(Originally, I intended to publish this letter on July 11th, but like everything else in life, it has fallen through the cracks and sat in my drafts folder. Here you go! Another letter is one its way Monday!)
I am writing this letter days before you will receive it. I’ve cleared one corner of our long dining room table to make room for my computer. There are people filing in and out of the house, and my daughter complains of the constant screech of tape.
I just looked up and glimpsed a man carrying two large Rubbermaid totes on his back. I might otherwise feel guilty for this privilege of watching others pack and load all of our belongings into the large moving truck parked on our quiet Toronto street, but closer to the truth is that I feel relief: relief that my part is done—for now, at least—and the baton is now passed to others. I will watch this parade and make a sorry attempt at trying to understand how it is that we are here, saying goodbye.
The dining room is the official “no-pack” zone of our house. From my view of the table, I see houseplants, shampoo bottles, scissors, bubble wrap, lawn bags, a damp bath towel, a bag of dog food. It will be an act of God that gets this family and their many possessions across the border. But God, too, is in these details, and I know it. In a box I’ve packed for the new owners of our house, I’ve left lightbulbs, keys, and a letter of welcome.
“Dear ________. Although we are sad to leave, we are thrilled for you to make your new home here.” I tell them they will need to spray for boxwood caterpillars next spring. I give them the name for the local installer of the gas fireplace, informing them we’ve changed the batteries for the starter inside the unit. They may think me micromanaging, but I have been keeping this place and I hope they will keep it, too.
One of my prayers for these final days was to enjoy meaningful goodbyes—and we have. One of our closest friends asked, when we sat late into the evening on their patio, what we were holding closest to our hearts. What had God been teaching us? What truths were sustaining us?
He might have expected something a bit more cheerful than I unraveled, which I feared later sounded a lot like self-pity. I told him this was hard, that obedience was hard, that though I was sure there was joy to be found somewhere on the other side, I couldn’t see it yet. “That’s what I will pray for you then,” he said. Joy.
I’ve thought lots about joy this last year, and in fact, a chapter in my next book is devoted to joy. It’s impossible to read the Scripture and not see that joy is promised to God’s people as they follow him. Joy, of course, is not exactly as we want to define it.
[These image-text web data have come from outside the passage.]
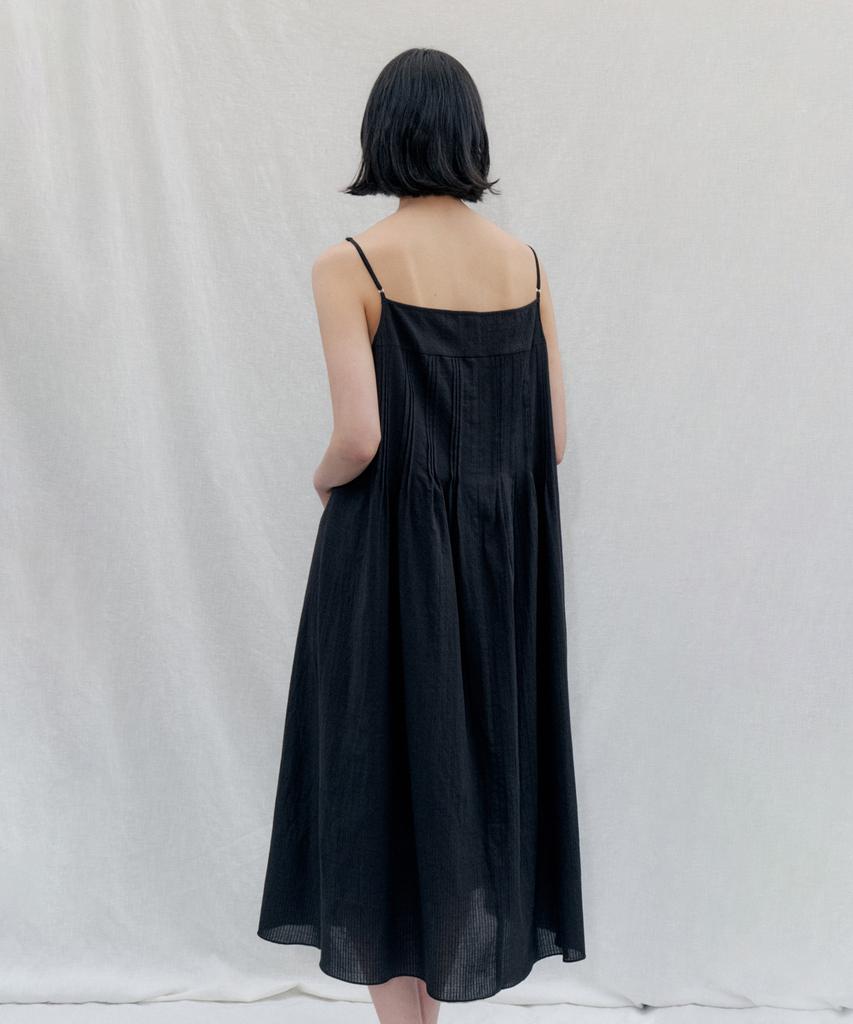 STEP AROUND Pintuck Button Slip Dress_Black
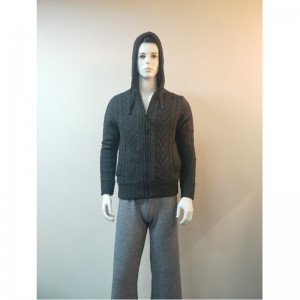 CAPPOTTO MAGLIONE NERO CON CAPPUCCIO RLMS0071F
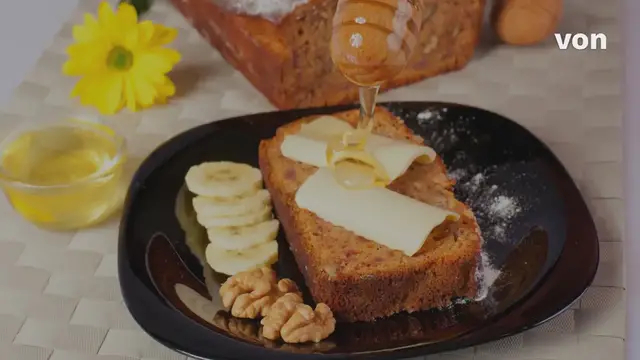 'Video thumbnail for Gesunde Bananen-Muffins mit Walnüssen'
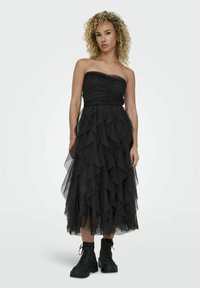 Платье без бретелек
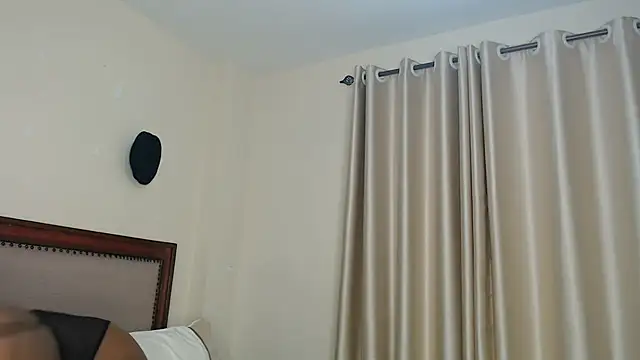 NIKKIE LOVE online show from July 25, 1:58 am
For Jesus of Nazareth, the path of joy led to (and beyond) a cross.
Jesus talks about joy in John 15, one of the chapters where his final words to his disciples are recorded. He knows that betrayal, that torture, that execution are ahead, each as immovable as Balaam’s stubborn donkey. Still, he is talking to them about joy. “I have loved you even as the Father has loved me. Remain in my love. When you obey my commandments, you remain in my love, just as I obey my Father’s commandments and remain in his love. I have told you these things so that you will be filled with my joy. Yes, your joy will overflow!” (John 15:9-11).
I have copied these verses into my journal on May 26th. Below them I have copied a couple of verses from Psalm 119: “Lord, you are mine! I promise to obey your words! With all my heart I want your blessings. Be merciful as you promised,” (vv. 57, 58).
Here at the dining room table, when I’m not sure what to write, I start paging through my journal, and I see these words—these immovable, stubborn donkey promises of God—and believe them. Trust them. Practice the faith that is believing trust.